Ainsi se croyant au centre du pouvoir ou détentrices (aussi) d’une parcelle «importante» du pouvoir, ces populations de l’Ouest-Kamerun avec certaines de leurs élites, ne se sentiront-elles pas à l’aise de s’adresser directement à l’«Empereur» lors des législatives et municipales prochaine ?
Mais, la présidence du Sénat et son bureau sont élus (se négocient) chaque année parlementaire (8), l’ « Empereur » aussi peut renégocier ces alliances…
Pour l’axe Nord-Sud, après un passage de Jean Kueté à Garoua, L’Action a pompeusement déclaré « Le Rdpc garde le Nord» (9). Nul n’est dupe, car en mondovision, nous avons vu la bagarre générale (10) entre les militants Rdpc pro et anti-marafa devant les autorités traditionnelles et politiques Rdpc, lors de cette visite.
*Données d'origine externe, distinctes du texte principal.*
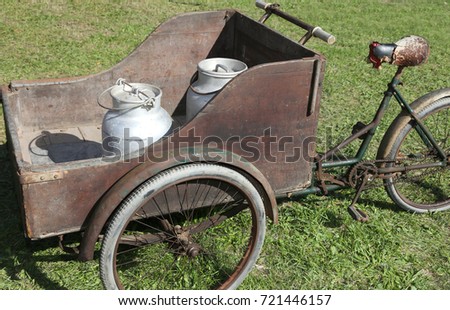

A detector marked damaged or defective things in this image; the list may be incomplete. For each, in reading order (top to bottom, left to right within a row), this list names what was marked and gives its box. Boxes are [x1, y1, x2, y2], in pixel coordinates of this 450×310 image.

rusted metal surface [1, 10, 324, 247]
rusty bicycle seat [368, 35, 430, 69]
Enfin, nous sommes d’accord avec Aboya Manassé Endong qu’ « il n’y a pas de remise en cause de l’axe Nord-Sud. Paul Biya n’a pas de soucis sur le plan électoral avec ces deux ensembles qui peuvent lui gagner une élection.. C’est cette configuration au plan politique et le monopole qu’il a sur cette région qui lui ont facilité l’absorption de Bello Bouba, Issa Tchiroma, et les autres. Il ne que reste Garga Haman Adji. Par ailleurs, l’axe Nord-Sud reste également de mise parce que le premier vice-président du Sénat est du Nord. » (11).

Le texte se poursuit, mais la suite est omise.